→ Task details
Span requested from the data below: the line with "In this workshop, as" through the line with "One characteristic of", both included. Give only these lines again, exactly, and leave every picture out.

→ Recorded information
>>>

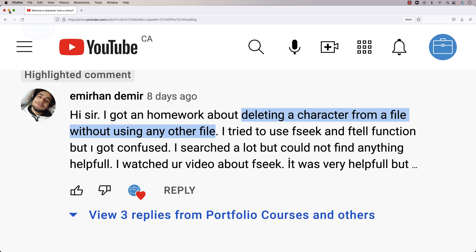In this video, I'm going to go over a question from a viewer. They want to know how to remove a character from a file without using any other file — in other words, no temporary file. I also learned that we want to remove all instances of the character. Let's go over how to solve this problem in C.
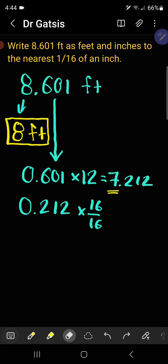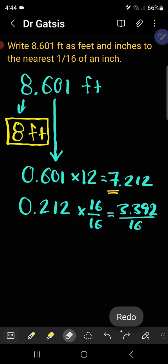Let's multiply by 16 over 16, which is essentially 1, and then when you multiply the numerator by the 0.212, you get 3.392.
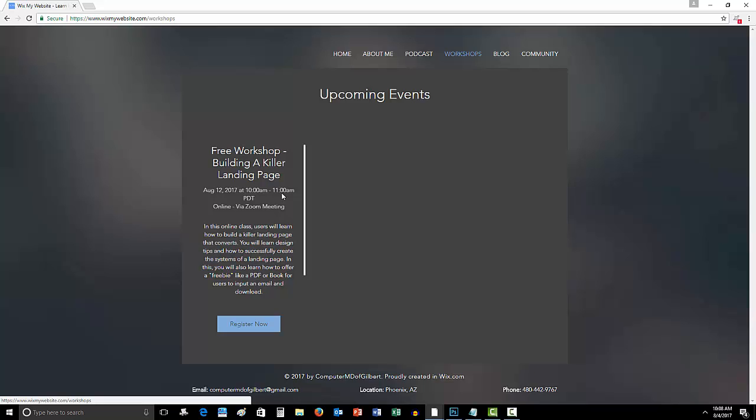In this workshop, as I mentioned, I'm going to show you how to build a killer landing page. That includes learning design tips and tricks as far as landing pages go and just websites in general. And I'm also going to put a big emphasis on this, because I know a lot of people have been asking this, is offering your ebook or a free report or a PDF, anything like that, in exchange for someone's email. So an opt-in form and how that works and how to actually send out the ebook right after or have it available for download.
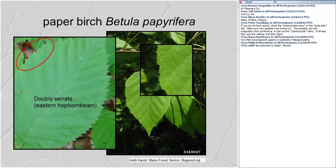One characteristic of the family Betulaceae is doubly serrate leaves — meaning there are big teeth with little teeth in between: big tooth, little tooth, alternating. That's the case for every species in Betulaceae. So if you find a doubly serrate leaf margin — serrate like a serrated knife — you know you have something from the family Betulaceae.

<<<
>>>

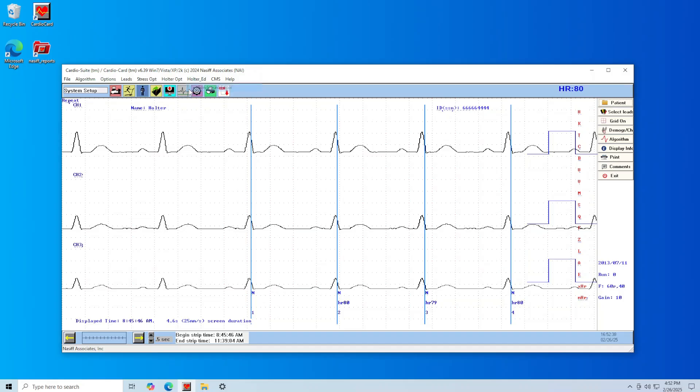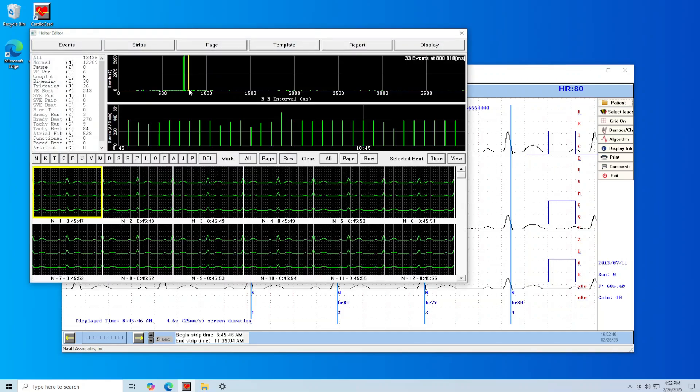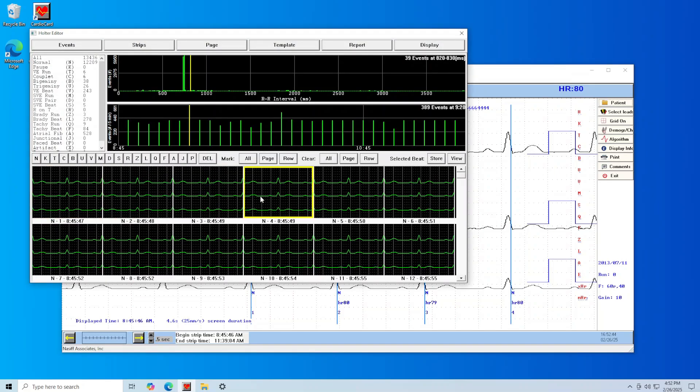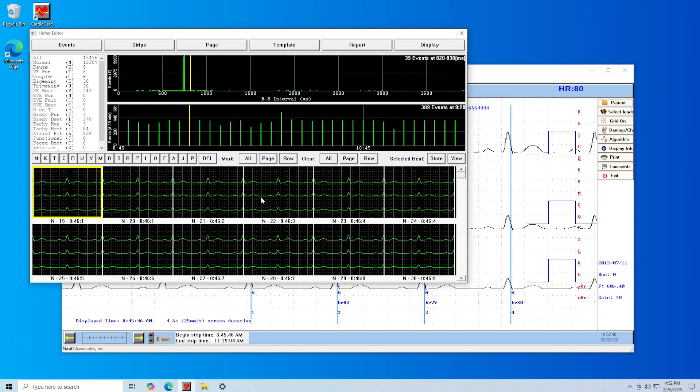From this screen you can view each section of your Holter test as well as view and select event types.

<<<

→ Task output
In this workshop, as I mentioned, I'm going to show you how to build a killer landing page. That includes learning design tips and tricks as far as landing pages go and just websites in general. And I'm also going to put a big emphasis on this, because I know a lot of people have been asking this, is offering your ebook or a free report or a PDF, anything like that, in exchange for someone's email. So an opt-in form and how that works and how to actually send out the ebook right after or have it available for download.
One characteristic of the family Betulaceae is doubly serrate leaves — meaning there are big teeth with little teeth in between: big tooth, little tooth, alternating. That's the case for every species in Betulaceae. So if you find a doubly serrate leaf margin — serrate like a serrated knife — you know you have something from the family Betulaceae.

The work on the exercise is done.